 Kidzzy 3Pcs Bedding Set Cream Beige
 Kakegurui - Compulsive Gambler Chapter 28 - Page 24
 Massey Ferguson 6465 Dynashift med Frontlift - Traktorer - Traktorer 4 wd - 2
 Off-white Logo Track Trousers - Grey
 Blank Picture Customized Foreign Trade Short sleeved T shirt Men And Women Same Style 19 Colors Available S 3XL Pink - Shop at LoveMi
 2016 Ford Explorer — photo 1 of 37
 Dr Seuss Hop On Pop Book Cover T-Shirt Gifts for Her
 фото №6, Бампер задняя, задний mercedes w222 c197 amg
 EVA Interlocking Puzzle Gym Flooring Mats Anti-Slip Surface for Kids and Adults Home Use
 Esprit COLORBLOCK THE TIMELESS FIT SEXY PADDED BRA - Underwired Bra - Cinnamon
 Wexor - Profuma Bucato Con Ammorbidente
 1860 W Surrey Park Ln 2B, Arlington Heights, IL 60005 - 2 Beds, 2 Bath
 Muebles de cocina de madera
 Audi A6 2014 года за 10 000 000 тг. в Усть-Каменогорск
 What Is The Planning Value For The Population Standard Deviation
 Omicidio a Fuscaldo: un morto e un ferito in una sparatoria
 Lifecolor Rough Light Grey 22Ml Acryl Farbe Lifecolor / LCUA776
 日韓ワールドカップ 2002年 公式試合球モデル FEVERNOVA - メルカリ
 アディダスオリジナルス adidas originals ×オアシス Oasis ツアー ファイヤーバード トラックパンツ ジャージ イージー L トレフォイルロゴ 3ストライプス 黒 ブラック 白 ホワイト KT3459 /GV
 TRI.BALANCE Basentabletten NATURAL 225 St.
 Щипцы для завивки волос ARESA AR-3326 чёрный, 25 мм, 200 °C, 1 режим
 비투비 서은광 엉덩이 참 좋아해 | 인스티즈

★ ★ ★ ★ ★ ★ ★

EXERCISE:
Repeat every record above precisely.

PROBLEM SOLUTION:
 Kidzzy 3Pcs Bedding Set Cream Beige
 Kakegurui - Compulsive Gambler Chapter 28 - Page 24
 Massey Ferguson 6465 Dynashift med Frontlift - Traktorer - Traktorer 4 wd - 2
 Off-white Logo Track Trousers - Grey
 Blank Picture Customized Foreign Trade Short sleeved T shirt Men And Women Same Style 19 Colors Available S 3XL Pink - Shop at LoveMi
 2016 Ford Explorer — photo 1 of 37
 Dr Seuss Hop On Pop Book Cover T-Shirt Gifts for Her
 фото №6, Бампер задняя, задний mercedes w222 c197 amg
 EVA Interlocking Puzzle Gym Flooring Mats Anti-Slip Surface for Kids and Adults Home Use
 Esprit COLORBLOCK THE TIMELESS FIT SEXY PADDED BRA - Underwired Bra - Cinnamon
 Wexor - Profuma Bucato Con Ammorbidente
 1860 W Surrey Park Ln 2B, Arlington Heights, IL 60005 - 2 Beds, 2 Bath
 Muebles de cocina de madera
 Audi A6 2014 года за 10 000 000 тг. в Усть-Каменогорск
 What Is The Planning Value For The Population Standard Deviation
 Omicidio a Fuscaldo: un morto e un ferito in una sparatoria
 Lifecolor Rough Light Grey 22Ml Acryl Farbe Lifecolor / LCUA776
 日韓ワールドカップ 2002年 公式試合球モデル FEVERNOVA - メルカリ
 アディダスオリジナルス adidas originals ×オアシス Oasis ツアー ファイヤーバード トラックパンツ ジャージ イージー L トレフォイルロゴ 3ストライプス 黒 ブラック 白 ホワイト KT3459 /GV
 TRI.BALANCE Basentabletten NATURAL 225 St.
 Щипцы для завивки волос ARESA AR-3326 чёрный, 25 мм, 200 °C, 1 режим
 비투비 서은광 엉덩이 참 좋아해 | 인스티즈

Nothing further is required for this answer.